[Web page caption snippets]

· · · · ·

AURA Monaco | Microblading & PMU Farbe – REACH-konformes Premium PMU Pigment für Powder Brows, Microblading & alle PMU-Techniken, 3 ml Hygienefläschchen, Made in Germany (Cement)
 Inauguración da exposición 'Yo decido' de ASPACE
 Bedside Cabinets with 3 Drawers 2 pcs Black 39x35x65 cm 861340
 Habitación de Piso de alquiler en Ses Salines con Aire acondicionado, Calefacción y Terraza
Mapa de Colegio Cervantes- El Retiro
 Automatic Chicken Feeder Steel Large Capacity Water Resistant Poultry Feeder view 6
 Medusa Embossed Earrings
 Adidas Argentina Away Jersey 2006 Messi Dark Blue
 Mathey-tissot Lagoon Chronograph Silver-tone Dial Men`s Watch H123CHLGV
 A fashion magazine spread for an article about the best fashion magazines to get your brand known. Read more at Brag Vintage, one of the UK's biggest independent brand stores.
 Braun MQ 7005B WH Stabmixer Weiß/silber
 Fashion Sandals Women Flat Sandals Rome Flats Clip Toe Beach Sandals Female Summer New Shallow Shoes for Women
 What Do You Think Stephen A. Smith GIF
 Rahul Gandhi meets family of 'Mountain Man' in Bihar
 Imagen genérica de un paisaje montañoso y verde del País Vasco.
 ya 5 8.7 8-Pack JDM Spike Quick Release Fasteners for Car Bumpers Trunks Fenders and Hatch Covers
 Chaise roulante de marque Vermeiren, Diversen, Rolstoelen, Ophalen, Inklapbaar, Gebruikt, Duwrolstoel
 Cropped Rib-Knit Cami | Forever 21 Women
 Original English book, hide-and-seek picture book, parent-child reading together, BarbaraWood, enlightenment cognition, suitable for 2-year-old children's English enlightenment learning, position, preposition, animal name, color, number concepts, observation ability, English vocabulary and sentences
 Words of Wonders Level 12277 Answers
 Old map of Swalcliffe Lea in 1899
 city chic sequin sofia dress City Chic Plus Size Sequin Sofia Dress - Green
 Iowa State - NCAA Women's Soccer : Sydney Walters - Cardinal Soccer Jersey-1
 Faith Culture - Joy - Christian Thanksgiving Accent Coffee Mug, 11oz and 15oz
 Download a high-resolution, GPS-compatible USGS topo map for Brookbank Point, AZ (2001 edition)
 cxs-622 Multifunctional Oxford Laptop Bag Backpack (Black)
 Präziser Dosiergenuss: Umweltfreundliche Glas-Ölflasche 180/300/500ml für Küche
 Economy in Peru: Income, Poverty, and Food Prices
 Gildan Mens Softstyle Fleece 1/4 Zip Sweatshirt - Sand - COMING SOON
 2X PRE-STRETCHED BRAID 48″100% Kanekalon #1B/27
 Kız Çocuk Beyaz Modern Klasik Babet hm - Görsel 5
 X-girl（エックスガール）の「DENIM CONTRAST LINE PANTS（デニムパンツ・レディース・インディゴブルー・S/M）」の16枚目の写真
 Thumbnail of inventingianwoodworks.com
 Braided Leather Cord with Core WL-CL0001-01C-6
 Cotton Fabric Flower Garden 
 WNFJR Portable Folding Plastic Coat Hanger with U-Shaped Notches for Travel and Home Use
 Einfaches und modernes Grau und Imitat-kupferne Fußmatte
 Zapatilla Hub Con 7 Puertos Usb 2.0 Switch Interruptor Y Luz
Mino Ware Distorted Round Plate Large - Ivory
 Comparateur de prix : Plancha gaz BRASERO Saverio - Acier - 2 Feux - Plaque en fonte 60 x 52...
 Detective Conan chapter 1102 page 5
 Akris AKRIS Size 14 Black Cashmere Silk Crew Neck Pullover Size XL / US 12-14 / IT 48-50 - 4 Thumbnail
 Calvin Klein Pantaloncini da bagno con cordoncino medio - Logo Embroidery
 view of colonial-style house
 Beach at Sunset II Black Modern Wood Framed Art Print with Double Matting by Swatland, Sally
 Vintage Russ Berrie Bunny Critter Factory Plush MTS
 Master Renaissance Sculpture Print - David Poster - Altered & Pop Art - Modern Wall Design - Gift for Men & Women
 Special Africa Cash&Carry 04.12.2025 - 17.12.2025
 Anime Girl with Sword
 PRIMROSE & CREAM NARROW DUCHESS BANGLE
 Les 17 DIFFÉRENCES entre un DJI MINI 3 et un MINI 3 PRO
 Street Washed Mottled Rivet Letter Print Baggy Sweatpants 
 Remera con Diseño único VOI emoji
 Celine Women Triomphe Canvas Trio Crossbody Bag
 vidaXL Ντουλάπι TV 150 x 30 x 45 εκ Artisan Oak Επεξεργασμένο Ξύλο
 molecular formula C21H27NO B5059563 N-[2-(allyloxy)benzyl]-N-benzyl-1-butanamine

· · · · ·

Each line in the records that carries "with" must be copied out.

[EXERCISE RESPONSE]
 Bedside Cabinets with 3 Drawers 2 pcs Black 39x35x65 cm 861340
 Braided Leather Cord with Core WL-CL0001-01C-6
 WNFJR Portable Folding Plastic Coat Hanger with U-Shaped Notches for Travel and Home Use
 Beach at Sunset II Black Modern Wood Framed Art Print with Double Matting by Swatland, Sally
 Anime Girl with Sword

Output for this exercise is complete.